● **Records contained in a dataset**

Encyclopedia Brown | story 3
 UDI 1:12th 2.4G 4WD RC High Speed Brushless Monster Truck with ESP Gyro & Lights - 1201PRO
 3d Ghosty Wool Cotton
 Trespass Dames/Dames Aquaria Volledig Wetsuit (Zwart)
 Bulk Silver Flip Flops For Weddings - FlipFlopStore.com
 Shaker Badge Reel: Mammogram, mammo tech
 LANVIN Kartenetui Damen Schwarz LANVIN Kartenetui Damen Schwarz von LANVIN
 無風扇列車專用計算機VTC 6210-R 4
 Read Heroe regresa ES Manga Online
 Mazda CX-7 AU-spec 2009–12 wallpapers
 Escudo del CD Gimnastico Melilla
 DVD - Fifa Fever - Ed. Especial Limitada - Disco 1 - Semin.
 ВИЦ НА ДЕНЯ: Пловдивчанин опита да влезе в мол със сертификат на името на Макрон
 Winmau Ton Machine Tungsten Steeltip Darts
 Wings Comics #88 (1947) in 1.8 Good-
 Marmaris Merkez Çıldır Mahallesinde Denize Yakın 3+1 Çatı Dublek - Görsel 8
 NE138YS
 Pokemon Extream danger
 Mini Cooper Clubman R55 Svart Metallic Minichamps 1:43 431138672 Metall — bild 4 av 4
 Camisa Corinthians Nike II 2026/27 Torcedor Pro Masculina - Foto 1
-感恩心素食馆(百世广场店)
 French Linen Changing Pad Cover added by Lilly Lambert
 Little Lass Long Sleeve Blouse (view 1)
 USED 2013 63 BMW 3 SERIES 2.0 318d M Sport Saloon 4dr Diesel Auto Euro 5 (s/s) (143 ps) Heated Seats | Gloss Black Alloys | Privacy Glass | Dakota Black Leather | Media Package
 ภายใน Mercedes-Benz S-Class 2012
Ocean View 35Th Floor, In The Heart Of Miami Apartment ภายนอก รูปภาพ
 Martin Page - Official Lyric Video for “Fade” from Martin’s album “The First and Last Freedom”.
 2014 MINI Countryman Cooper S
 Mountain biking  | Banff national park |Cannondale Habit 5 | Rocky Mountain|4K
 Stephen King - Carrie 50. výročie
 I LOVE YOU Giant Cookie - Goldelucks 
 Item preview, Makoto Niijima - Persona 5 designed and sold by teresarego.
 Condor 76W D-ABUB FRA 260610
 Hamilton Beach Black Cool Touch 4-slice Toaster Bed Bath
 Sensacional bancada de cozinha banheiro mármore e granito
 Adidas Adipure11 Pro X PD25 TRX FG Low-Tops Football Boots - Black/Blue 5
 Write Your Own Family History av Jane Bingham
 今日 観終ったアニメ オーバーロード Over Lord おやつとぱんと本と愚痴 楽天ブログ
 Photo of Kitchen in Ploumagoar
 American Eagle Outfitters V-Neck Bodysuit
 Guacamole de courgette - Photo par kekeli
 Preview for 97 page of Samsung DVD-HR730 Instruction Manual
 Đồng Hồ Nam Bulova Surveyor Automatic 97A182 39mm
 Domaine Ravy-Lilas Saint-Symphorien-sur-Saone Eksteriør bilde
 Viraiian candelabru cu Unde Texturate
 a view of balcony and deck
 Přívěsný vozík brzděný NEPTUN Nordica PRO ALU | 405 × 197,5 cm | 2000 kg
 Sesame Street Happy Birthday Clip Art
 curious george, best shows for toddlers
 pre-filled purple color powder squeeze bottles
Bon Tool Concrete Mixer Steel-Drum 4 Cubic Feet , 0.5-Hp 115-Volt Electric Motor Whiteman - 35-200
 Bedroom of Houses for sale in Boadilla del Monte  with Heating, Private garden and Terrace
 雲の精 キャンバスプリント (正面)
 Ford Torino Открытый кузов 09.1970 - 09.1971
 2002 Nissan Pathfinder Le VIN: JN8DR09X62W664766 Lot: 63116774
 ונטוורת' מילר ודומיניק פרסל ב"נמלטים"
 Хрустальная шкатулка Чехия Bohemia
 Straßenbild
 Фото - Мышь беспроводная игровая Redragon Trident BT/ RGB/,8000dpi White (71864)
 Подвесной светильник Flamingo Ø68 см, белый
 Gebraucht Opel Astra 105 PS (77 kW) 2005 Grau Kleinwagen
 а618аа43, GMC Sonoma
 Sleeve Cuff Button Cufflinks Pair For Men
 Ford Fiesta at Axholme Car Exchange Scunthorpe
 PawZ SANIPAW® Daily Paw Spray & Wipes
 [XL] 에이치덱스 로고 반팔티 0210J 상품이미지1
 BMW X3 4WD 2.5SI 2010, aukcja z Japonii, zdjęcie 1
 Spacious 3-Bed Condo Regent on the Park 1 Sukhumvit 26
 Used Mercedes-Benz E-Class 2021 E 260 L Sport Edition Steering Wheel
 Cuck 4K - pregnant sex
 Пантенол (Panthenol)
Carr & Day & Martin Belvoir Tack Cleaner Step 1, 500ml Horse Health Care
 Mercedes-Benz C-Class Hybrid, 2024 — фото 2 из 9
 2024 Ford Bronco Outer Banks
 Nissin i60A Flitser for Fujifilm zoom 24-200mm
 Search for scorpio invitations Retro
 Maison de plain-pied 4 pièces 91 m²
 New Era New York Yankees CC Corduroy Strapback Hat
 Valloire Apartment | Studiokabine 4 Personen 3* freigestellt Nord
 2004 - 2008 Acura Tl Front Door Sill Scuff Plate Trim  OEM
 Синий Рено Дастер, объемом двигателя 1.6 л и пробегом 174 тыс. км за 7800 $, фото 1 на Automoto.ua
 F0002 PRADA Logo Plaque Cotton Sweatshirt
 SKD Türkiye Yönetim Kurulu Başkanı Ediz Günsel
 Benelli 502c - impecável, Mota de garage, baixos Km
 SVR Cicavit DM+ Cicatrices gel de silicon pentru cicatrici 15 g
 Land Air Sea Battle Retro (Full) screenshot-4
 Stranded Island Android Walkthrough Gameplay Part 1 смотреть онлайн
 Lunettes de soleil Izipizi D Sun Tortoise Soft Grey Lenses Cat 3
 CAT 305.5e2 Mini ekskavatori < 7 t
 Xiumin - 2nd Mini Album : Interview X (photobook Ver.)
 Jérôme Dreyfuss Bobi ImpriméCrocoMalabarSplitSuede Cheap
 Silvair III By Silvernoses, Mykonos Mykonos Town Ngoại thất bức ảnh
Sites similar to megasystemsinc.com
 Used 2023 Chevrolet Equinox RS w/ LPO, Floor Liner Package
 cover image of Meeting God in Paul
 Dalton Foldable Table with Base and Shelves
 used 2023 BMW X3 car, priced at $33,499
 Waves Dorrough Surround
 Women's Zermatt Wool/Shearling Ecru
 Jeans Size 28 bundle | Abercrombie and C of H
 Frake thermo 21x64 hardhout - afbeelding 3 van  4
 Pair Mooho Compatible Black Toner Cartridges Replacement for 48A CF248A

● **Task brief**
Within the entries above, find every line where the string "Mercedes" occurs, and copy it.

● **Exercise result**
 ภายใน Mercedes-Benz S-Class 2012
 Used Mercedes-Benz E-Class 2021 E 260 L Sport Edition Steering Wheel
 Mercedes-Benz C-Class Hybrid, 2024 — фото 2 из 9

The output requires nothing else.